Nel frattempo, però, il nostro governo aveva deciso unilateralmente di sospendere tutti i voli da e per la Cina e di disporre l’effettuazione di test generalizzati sui viaggiatori provenienti dall’estero, senza effettuare il monitoraggio di chi proveniva da lì attraverso altri paesi. Si è ritenuta preferibile, insomma, una linea di maggiore prudenza. Questa linea non è stata sconfessata dal Consiglio dei ministri dell’Ue, il quale ha ritenuto utili le misure già prese dai singoli governi, incluso il nostro, per proteggere la salute pubblica. Tuttavia, in seguito sono emersi i sintomi d’una non piena fiducia di alcuni partner nei confronti della capacità del nostro paese di far fronte all’emergenza. Le conseguenze possono risultare ben più diffuse, e gravi, rispetto alle crisi alimentari e sanitarie del recente passato. Possono determinare il ristagno dell’economia.

 

Sulla crisi di fiducia rischiano d’influire negativamente i complicati rapporti tra le nostre autorità centrali e quelle regionali. Dopo la riforma costituzionale del 2001, la distribuzione delle competenze tra i vari livelli di governo è divenuta più complessa, si sono rafforzati i poteri di veto, a scapito dei poteri di decisione e di azione. Nei due decenni successivi, non sono mancate instabilità e tensioni, ma esse hanno riguardato prevalentemente l’ordine pubblico e la sicurezza e non sono arrivate a intaccare gli interessi della collettività, grazie alla presenza di una collaudata struttura amministrativa nazionale e ad alcuni interventi correttivi.

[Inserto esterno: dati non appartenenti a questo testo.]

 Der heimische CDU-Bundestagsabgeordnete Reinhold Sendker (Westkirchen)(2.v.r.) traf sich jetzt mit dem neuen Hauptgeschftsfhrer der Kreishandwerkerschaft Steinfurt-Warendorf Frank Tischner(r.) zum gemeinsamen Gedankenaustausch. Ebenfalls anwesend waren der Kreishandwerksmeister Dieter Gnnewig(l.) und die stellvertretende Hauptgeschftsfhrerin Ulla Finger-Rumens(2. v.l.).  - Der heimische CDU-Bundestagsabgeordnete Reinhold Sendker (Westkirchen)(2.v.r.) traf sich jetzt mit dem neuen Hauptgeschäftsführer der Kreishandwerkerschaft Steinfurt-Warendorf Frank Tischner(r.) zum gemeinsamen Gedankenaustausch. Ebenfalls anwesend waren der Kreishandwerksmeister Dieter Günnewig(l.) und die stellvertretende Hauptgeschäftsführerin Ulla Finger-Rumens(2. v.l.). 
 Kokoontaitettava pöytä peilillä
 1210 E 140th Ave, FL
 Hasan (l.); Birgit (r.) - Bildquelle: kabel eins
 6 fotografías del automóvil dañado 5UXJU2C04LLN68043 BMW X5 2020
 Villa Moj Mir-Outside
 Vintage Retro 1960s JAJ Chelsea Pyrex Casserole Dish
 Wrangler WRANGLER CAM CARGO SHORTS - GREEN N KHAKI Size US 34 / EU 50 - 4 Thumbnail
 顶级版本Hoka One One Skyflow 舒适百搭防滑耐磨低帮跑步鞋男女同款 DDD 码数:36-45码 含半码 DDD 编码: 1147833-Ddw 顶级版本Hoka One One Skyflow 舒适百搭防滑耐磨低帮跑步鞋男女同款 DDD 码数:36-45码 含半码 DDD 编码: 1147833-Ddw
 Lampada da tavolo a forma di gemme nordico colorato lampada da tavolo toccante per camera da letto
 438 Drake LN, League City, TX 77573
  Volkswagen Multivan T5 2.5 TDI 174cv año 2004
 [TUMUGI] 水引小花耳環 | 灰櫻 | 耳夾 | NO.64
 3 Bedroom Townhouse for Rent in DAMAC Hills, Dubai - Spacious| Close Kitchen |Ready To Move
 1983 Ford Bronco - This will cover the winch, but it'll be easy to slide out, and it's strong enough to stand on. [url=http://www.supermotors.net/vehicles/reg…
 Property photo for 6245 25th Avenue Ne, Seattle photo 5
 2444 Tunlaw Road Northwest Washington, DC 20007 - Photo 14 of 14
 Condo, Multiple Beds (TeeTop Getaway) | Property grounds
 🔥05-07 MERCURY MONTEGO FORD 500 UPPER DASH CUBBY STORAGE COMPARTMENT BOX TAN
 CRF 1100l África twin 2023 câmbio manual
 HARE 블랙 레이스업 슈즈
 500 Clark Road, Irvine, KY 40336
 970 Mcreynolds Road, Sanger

Ma quando le difficoltà e le tensioni si sono manifestate in settori, come la Sanità, per i quali le competenze sono distribuite tra il centro e la periferia, la gestione si è rivelata più difficile. Ormai, anche tra coloro i quali – per motivi più o meno validi – si sono opposti alla riforma costituzionale intrapresa nel 2016, molti si sono resi conto che occorre distinguere più chiaramente le sfere di azione delle varie istituzioni pubbliche e migliorare i meccanismi di collegamento, per rafforzare la fiducia tra quanti hanno responsabilità di guida delle politiche pubbliche. La dimensione interna allo stato e quella esterna sono, dunque, connesse, ai fini delle politiche anticrisi. È un’importante lezione da trarre da queste traversie, insieme all’inconsistenza delle contestazioni mosse ai saperi specialistici, alla competenza.